L'avenir est aux communs?

Je viens de découvrir que la revue Recherches sociographiques a sorti en juin dernier un numéro sur les communs au Québec. Ayant étudié en histoire, je me suis souvenue que c’est là une très ancienne forme de propriété, davantage présente qu’on ne l’imagine de nos jours. Pourrait-elle être une forme de propriété mieux adaptée, entre autres, à la gestion de nos ressources naturelles?

#Communs #Economie #Forets #Mines #RessourcesNaturelles

S’attaquer au sujet des communs, c’est comme de se retrouver devant une très haute montagne à escalader jusqu’au sommet. Du moins c’est l’impression que j’ai eue en constatant à quel point le sujet a été étudié depuis que Garret Hardin, puis surtout Elinor Ostrom l’ont remis sur la table des économistes.

Mais pas que des économistes

Depuis le prix Nobel d’économie attribué à l’économiste américaine Elinor Ostrom en 2009, les Communs font l’objet d’une redécouverte académique et de réappropriations citoyennes dans de nombreux pays. La notion de Communs, une redécouverte inachevée. Lionel Maurel, Horizons publics, 2019.

Alors que Garret Hardi prétendait le contraire, Elinor Ostrom a fait la démonstration que les ressources telles que des pêcheries, des systèmes d’irrigation, des nappes phréatiques, des forêts ou des pâturages, sont gérées de façon plus efficaces quand elles sont en communs, autant pour leur exploitation que pour leur préservation à long terme.

Un exemple de cette approche est le développement de projets de formation, de planification énergétique communautaire et de mobilisation de la communauté de dix Nations autochtones pour le déploiement de sources d’énergies propres.
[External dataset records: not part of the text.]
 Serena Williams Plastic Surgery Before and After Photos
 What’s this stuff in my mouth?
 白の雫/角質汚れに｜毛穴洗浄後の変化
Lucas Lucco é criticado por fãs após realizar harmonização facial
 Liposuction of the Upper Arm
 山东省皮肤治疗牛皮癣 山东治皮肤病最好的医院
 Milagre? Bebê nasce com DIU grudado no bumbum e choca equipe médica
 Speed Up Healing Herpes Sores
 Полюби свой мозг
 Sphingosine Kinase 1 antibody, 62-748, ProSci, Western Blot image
Il s’agit là d’une initiative du gouvernement fédéral. Qu’en est-il au Québec?

D’abord j’ai appris que le Québec ne connait pas de concept législatif de « communs ». Autrement dit, le droit est conçu en faveur de la propriété privé ou étatique des biens.

Dans la tradition civiliste, le recours aux mécanismes du droit des biens pour protéger l’environnement est limité par l’architecture interne du droit de propriété. Ce dernier est en effet classiquement défini comme une somme d’attributs (abusus, usus, fructus) qui a la particularité, sauf démembrement, d’être tenue dans les mains du seul propriétaire, qui ne souffre pas de concurrence. Gaële Gidrol-Mistral. L’environnement à l’épreuve du droit des biens. Revues McGill Law Journal / Revue de droit de McGill. 2017. (via Érudit).
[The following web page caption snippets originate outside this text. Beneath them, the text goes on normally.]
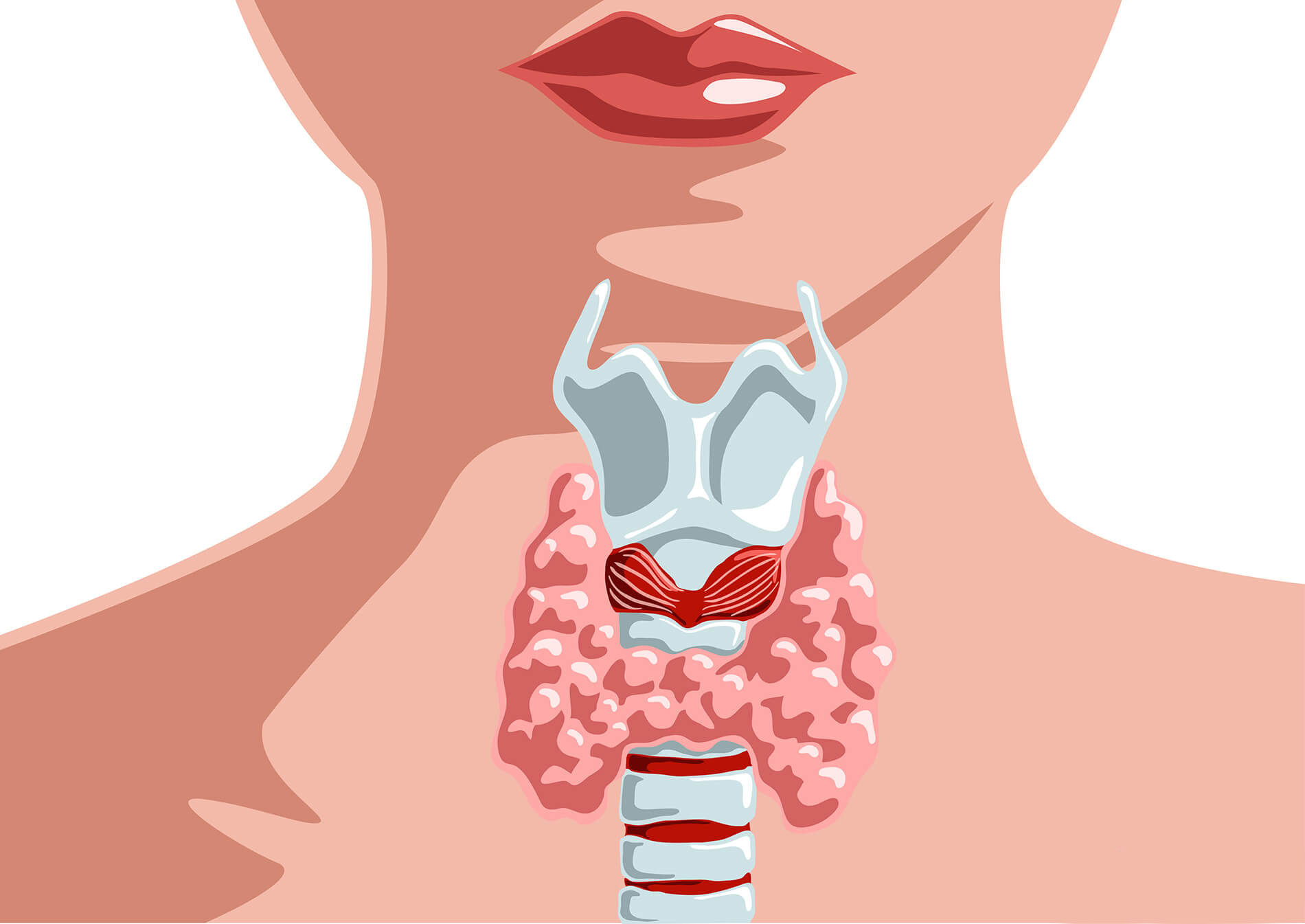 Тиреоидит: что такое аутоиммунное заболевание щитовидной железы?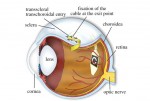 eye implant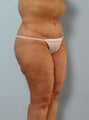 Body Lift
Il y a tout de même des techniques juridiques du droit civil mentionnées dans l’article, dont la fiducie d’utilité sociale, la servitude de conservation et la copropriété indivise.

Le hic, c’est que l’initiative doit venir du privé et que ça concerne donc des cas limités.

Autre hic, en ce qui concerne les ressources naturelles, plus de 92% du territoire québécois est du domaine public, comme le rappellait de ministère des Ressources naturelles et des Forêts dans son plan stratégique 2023-2027.

Plus concrètement si on prend comme exemple le secteur forestier, les forêts privées représentent à peine 16 % de la forêt productive québécoise. C’est donc dire que plus de 84% relèvent de l’État.

Dans son document d’orientation Les communautés québécoises et la gestion de la forêt (pdf), la Fédération québécoise des municipalités demande au gouvernement «de donner aux communautés les outils pour au moins assurer la préservation de leur patrimoine naturel, culturel et paysager, et le maintien de son apport à l’économie des régions.»

Cette demande, c’est en fait d’appliquer le concept de forêts de proximité, un concept lancé en 2013 mais qui tarde à être mis en oeuvre face à la politique centralisatrice de l’État.

Imaginons qu’une bonne partie des ressources forestières et pourquoi pas minières soient des communs, donc gérées non pas par le gouvernement, mais par les communautés qui habitent les divers territoires où sont ces ressources.

Déjà, dans le cas des communautés autochtones, ce serait enfin leur donner l’autonomie qu’elles réclament.

Jusqu’ici je n’ai bordé que les forêts et les mines, mais il y a tellement d’autres possibilités où l’approche par les communs pourrait aider à casser le moule d’un système économique qui ne fait qu’accentuer les inégalités et la dérive environnementale actuelle.

Escaladons la montagne des communs pour mieux voir l’avenir.